Dataset records:
'''

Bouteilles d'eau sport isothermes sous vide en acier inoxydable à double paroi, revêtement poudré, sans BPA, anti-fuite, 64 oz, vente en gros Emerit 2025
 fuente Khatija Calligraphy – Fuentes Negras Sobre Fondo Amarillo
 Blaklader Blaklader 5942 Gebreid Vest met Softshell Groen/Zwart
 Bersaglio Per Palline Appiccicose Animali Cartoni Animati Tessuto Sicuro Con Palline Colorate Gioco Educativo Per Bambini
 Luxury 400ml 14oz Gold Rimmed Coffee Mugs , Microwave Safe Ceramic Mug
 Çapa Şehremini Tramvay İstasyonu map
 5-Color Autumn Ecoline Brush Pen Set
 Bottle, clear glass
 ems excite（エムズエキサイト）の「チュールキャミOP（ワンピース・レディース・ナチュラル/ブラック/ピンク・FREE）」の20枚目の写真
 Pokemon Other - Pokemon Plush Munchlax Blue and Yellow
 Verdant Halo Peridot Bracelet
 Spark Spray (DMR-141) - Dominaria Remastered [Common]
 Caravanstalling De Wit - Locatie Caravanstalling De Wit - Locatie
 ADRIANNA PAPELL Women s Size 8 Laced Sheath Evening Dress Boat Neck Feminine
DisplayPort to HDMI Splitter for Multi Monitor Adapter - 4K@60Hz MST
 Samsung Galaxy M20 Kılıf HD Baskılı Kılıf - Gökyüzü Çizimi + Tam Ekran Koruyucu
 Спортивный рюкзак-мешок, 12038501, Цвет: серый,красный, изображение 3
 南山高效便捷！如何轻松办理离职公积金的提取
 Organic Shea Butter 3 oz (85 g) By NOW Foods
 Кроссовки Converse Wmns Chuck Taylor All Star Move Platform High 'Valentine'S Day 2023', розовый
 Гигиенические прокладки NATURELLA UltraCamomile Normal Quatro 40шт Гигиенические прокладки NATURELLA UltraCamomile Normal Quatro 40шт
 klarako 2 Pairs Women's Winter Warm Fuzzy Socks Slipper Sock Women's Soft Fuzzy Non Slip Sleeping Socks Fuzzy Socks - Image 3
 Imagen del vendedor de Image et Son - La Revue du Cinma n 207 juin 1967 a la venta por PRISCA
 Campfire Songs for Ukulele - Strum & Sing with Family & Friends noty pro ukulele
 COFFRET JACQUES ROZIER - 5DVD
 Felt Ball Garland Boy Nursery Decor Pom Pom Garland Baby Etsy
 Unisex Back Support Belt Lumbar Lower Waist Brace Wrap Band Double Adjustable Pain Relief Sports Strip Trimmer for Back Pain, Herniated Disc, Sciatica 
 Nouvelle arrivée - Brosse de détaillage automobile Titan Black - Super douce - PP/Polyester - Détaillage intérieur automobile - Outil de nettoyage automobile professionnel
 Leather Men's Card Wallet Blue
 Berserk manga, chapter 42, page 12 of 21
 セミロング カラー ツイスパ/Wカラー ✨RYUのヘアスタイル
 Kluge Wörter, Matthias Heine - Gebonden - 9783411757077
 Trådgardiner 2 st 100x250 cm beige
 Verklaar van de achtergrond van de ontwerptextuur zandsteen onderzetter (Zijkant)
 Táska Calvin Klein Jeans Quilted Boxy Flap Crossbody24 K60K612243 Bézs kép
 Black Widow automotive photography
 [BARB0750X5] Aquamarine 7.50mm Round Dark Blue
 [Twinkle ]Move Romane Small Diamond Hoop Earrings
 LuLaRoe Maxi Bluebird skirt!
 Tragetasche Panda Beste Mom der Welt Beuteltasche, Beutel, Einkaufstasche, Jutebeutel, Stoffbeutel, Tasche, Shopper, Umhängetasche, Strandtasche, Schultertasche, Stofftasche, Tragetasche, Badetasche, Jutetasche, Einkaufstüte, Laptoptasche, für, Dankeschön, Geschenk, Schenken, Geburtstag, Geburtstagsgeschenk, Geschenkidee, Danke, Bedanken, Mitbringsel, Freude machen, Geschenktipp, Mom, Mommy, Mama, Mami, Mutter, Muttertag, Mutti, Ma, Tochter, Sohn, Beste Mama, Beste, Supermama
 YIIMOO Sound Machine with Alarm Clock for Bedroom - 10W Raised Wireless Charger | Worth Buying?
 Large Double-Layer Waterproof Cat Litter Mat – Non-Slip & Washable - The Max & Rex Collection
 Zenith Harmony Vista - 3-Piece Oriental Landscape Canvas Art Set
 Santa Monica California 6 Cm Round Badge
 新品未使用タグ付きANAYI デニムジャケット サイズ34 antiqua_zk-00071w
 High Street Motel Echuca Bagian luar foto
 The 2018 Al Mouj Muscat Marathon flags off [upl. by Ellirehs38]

'''

Pull out every line holding "Round" from the records above, and copy it.

 [BARB0750X5] Aquamarine 7.50mm Round Dark Blue
 Santa Monica California 6 Cm Round Badge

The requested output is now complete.